“Outro bairro que faz parte das minhas memórias afetivas da infância é o Amapá. Não o Amapá dos ricos, aquele das ruas cheias de casas dotadas de cercas elétricas e muros lá pelo meio do céu. É o Amapá dos pobres, lá debaixo, que se escora no Rio Itacaiunas e bebe das cacimbas por falta de água encanada”.
O Bairro Cabelo Seco me amanhece, já escrevi por aqui. Tenho sentido sua falta. Há mais de vinte dias não lhe faço uma visita de irmão. Tanto que já me veio em sonho, já choveu em minha janela e o cheiro de beira de rio não me deixa. Não moro em seus arredores. Não. Estou distante, mas faço parte dali. Por isso volto, preciso ressurgir. Lá estou sempre acompanhado, mesmo na sozinhez.

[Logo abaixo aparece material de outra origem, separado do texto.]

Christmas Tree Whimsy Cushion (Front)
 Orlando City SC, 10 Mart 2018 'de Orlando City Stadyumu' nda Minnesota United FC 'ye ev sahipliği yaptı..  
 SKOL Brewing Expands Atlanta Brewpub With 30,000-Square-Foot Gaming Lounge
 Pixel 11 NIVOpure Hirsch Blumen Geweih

Outro bairro que faz parte das minhas memórias afetivas da infância é o Amapá. Não o Amapá dos ricos, aquele das ruas cheias de casas dotadas de cercas elétricas e muros lá pelo meio do céu. É o Amapá dos pobres, lá debaixo, que se escora no Rio Itacaiunas e bebe das cacimbas por falta de água encanada.
Leia mais:No Cabelo Seco eu fiz traquinagens quando menino e aprendi a me reconhecer negro e pertencente àquela comunidade já adulto. No Amapá, testemunhei um ir e vir de gente o dia inteiro quando o bairro era rota obrigatória para quem precisava ir para o Bairro Cidade Nova até o início da década de 1980. Os dois estão ali, separados apenas pelo Itacaiunas.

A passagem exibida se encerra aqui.